State-owned ASes dataset

Welcome to the state-owned ASes dataset repository. Here you can find a dataset containing a list of ASes of State-Owned Internet Operators.

The list of ASes of State-Owned Internet Operators is a product of the research published in the paper "Identifying ASes of State-owned Internet operators" by E. Carisimo, A Gamero-Garrido, A. Snoeren and A. Dainotti, appearing in the Proceedings of the ACM Internet Measurement Conference (IMC) 2021, November 2021, Virtual Event.

Table of Contents

  1. State-owned ASes dataset
    1. Data structure
    2. Data formats
    3. Minority state-owned providers
  2. Examples
  3. Citation

Repo structure

.
├── LICENSE
├── README.md
├── data
│   ├── minority-state-owned-ases
│   │   ├── csv
│   │   │   ├── minority_state_owned_ases.csv
│   │   │   ├── minority_state_owned_ases_table_ases.csv
│   │   │   └── minority_state_owned_ases_table_organizations.csv
│   │   ├── json
│   │   │   ├── minority_state_owned_ases_table_ases.json
│   │   │   └── minority_state_owned_ases_table_organizations.json
│   │   └── sqlite
│   │       └── minority_state_owned_ases.sqlite
│   └── state-owned-ases
│       ├── csv
│       │   ├── state_owned_ases.csv
│       │   ├── state_owned_ases_table_ases.csv
│       │   └── state_owned_ases_table_organizations.csv
│       ├── json
│       │   ├── state_owned_ases_table_ases.json
│       │   └── state_owned_ases_table_organizations.json
│       └── sqlite
│           └── state_owned_ases.sqlite
├── examples
│   ├── minority-state-owned-ases
│   │   ├── load_from_json.ipynb
│   │   ├── load_from_organizations_and_ases_csv_files.ipynb
│   │   ├── load_from_single_table_csv_file.ipynb
│   │   └── load_from_sqlite.ipynb
│   └── state-owned-ases
│       ├── load_from_json.ipynb
│       ├── load_from_organizations_and_ases_csv_files.ipynb
│       ├── load_from_single_table_csv_file.ipynb
│       └── load_from_sqlite.ipynb
└── requirements.txt

12 directories, 23 files

1. Datasets and data formats

In this repository, we provide two datasets:

  1. (Main dataset) A list examined in-depth of ASes operated by state-owned Internet providers.
  2. (Additional dataset) A preliminary and partial list of ASes operated by minority state-owned Internet providers.

We provide the datasets of state-owned ASes in three formats CSV, JSON and sqlite

1.1. Data structure

We use the following example to illustrate the data structure of the records in our dataset.

# Ownership details of an identified
# state-owned organization
{
  "conglomerate_name": "NO-TELENOR",
  "org_id": "ORG-NA38-RIPE",
  "org_name": "Telenor Norge AS",
  "ownership_cc": "NO",
  "ownership_country_name": "Norway",
  "rir": "RIPE",
  "source": "Company's website",
  "quote": "Major Shareholdings: Government of Norway (54,7%)",
  "quote_lang": "English",
  "url":"https://www.telenor.com/investors/share-information/major-shareholdings"
  "additional_info": "",
  "inputs": [G, E, W, O],
  "parent_org":,
  "target_cc":,
  "target_country_name":,
}
# List of ASes operated by the identified
# state-owned organization
{
  "org_id": "ORG-NA38-RIPE",
  "asn": [2119, 8210, 8394, 8786, 39197, 197943, 200168]
}

Our dataset is composed of two data entities organization and ases which are linked by the key org_id.

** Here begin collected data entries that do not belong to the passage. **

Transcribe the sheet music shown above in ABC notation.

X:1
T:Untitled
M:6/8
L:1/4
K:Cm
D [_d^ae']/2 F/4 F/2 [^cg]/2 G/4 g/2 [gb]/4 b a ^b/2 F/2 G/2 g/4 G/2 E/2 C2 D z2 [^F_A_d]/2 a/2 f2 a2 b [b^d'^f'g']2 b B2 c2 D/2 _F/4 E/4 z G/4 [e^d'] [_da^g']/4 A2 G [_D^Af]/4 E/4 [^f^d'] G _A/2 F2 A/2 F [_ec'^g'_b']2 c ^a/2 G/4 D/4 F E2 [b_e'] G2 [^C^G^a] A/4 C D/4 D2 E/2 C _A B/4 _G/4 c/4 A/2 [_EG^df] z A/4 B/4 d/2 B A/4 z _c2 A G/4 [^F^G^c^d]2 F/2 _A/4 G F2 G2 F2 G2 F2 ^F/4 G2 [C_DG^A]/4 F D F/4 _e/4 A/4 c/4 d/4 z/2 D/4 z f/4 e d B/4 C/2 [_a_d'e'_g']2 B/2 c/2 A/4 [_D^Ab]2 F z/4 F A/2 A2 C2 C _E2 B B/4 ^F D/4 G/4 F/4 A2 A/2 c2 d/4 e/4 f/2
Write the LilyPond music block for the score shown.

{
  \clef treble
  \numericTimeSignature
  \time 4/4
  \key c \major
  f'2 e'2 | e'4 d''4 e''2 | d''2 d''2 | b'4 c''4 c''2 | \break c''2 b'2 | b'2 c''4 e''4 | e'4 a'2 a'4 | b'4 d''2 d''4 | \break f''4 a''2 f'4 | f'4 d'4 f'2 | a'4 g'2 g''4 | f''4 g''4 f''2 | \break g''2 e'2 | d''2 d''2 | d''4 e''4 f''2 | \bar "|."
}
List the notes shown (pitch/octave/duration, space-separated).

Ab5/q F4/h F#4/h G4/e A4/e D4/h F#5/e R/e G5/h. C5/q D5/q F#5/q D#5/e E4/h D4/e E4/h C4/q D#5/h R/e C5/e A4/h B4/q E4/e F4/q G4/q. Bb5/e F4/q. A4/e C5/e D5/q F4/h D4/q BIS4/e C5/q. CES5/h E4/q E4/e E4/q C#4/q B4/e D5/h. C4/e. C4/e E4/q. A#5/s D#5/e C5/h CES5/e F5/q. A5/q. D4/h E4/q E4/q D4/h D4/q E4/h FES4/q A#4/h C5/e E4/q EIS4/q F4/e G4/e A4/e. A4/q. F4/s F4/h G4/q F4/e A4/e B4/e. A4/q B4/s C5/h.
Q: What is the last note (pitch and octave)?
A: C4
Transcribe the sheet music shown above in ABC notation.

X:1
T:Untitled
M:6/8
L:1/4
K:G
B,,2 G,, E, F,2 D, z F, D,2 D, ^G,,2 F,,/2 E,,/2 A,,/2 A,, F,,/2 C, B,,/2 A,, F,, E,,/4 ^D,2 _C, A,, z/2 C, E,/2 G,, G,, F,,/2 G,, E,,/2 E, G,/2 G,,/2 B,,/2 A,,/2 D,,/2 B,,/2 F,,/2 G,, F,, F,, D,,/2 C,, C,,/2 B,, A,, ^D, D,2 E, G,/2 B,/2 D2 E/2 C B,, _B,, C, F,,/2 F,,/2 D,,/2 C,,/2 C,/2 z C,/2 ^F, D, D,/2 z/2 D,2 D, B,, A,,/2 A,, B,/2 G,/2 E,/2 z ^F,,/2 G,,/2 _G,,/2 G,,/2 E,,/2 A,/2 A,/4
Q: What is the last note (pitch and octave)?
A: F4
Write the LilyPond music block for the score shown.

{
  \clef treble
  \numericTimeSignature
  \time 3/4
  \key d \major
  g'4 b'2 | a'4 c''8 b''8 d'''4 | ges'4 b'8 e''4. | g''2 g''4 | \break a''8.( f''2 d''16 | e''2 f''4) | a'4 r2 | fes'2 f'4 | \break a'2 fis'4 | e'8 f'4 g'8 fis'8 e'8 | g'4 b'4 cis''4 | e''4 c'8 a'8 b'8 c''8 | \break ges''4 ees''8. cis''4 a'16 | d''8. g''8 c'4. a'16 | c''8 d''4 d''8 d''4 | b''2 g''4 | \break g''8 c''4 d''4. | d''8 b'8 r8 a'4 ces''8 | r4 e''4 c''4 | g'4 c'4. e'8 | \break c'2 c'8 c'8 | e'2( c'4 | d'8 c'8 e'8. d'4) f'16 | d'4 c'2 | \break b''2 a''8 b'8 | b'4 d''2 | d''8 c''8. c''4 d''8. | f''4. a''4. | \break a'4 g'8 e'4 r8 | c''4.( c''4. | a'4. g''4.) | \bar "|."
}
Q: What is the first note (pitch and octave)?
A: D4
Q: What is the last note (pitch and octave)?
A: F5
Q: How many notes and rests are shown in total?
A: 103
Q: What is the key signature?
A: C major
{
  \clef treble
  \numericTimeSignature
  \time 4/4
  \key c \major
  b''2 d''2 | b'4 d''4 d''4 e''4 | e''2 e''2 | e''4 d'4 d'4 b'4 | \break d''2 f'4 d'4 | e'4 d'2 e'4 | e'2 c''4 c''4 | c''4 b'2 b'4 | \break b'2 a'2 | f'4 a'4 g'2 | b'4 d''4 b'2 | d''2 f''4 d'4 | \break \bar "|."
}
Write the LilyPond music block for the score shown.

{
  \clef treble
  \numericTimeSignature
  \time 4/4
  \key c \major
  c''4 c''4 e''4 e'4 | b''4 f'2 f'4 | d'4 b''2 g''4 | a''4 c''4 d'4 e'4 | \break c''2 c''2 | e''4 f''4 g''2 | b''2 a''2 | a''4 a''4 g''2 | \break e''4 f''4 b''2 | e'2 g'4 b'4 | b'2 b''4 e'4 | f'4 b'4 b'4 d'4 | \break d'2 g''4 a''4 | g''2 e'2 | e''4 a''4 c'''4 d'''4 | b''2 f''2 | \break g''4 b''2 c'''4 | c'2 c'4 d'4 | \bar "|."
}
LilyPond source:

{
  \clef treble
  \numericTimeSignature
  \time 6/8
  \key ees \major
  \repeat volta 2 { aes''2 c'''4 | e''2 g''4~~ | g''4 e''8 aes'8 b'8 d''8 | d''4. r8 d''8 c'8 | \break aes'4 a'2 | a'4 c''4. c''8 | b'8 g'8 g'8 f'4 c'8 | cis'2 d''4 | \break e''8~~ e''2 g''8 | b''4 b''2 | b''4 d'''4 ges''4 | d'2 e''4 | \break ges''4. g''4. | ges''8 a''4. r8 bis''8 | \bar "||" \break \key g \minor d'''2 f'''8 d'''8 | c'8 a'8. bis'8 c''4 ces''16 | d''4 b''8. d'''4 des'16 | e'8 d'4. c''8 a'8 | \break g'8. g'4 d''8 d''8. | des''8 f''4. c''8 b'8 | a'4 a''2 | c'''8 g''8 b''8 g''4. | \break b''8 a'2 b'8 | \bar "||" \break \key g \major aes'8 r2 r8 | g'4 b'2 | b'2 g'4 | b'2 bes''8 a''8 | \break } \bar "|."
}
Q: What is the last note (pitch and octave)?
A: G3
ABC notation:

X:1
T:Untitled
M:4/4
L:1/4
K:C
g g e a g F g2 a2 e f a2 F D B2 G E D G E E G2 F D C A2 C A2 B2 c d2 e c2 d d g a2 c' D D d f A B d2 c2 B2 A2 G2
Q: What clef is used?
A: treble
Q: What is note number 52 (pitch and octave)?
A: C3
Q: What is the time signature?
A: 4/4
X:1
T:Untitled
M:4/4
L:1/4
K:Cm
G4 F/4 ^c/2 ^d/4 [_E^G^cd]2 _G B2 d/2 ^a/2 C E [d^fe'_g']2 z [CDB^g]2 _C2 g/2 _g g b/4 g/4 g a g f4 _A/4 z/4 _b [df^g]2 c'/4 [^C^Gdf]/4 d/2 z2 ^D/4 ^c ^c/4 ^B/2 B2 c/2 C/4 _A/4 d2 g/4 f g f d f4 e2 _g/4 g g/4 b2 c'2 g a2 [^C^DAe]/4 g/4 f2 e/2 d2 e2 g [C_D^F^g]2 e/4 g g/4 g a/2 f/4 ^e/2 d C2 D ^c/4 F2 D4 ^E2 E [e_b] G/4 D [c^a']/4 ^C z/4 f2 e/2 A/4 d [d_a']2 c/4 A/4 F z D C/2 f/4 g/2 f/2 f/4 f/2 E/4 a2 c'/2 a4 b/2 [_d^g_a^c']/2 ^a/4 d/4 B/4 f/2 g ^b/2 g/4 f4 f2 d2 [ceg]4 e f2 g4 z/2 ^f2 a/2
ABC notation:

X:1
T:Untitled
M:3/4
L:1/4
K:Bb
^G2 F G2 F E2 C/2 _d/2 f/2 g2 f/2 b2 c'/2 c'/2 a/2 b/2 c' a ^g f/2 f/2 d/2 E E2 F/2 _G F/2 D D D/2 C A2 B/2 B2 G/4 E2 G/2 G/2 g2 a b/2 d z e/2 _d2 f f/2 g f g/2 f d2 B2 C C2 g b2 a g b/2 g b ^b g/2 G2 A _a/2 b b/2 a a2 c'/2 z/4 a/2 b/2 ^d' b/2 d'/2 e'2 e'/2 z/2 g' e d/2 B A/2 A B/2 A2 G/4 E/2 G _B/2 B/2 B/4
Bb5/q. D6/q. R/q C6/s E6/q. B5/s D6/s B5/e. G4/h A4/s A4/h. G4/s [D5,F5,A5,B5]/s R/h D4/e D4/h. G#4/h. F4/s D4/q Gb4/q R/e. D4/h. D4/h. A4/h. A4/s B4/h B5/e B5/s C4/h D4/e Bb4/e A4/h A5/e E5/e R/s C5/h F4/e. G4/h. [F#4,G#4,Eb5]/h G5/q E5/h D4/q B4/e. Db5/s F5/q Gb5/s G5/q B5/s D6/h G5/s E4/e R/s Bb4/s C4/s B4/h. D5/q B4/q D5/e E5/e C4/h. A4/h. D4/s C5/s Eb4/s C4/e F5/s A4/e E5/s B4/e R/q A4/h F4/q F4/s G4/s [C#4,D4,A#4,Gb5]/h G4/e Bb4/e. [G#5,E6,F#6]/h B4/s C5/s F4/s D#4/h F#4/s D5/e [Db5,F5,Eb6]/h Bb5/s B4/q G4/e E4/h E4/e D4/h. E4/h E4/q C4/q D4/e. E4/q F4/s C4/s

Next, we describe each of the fields in both entities.

Organization

  • conglomerate_name: name of the conglomerate the company belongs to.
  • org_id: Org ID from CAIDA's AS2Org.
  • org_name: The name of the organization according to CAIDA's AS2Org records.
  • ownership_cc: ISO-3361 country code.
  • ownership_country_name: country name.
  • rir: country's RIR.
  • source: Type of confirmation sources that validated the inference.
  • quote: The exact quote we use to determine the state ownership.
  • quote_lang: Language of the quote.
  • url: the URL to the confirmation data source.
  • additional_info: (optional) In some cases, this record adds some details to understand the state ownership (e.g., specifying that a hedge fund is state-owned)
  • inputs: The input data source(s) that caused this organization to be initially added to the candidate list (the associated research paper describes candidate lists). We abbreviate the input sources using the following convention:
    • G: Country-level AS geolocation.
    • E: APNIC eyeballs dataset.
    • C: Country-Level Transit Influence.
    • O: Orbis.
    • W: Wikipedia & Freedom House.
  • parent_org: (optional, only for foreign subsidiaries) the parent company's Org ID
  • target_cc: (optional, only for foreign subsidiaries) The ISO-3361 country code where the company is intended to operate.
  • target_country_name: (optional, only for foreign subsidiaries) The name of the country where the company is intended to operate.

ASes

  • org_id: CAIDA AS2Org's Org ID
  • asn: Autonomous System Number associated with that org_id

Minority state-owned Internet providers. In the dataset of the minority state-owned ASes we include one additional field onwership_percentage to organizations to indicate the state ownership in the company operating the Autonomous System

1.2. Data formats

CSV files

We provide two alternatives to access the dataset using CSV files.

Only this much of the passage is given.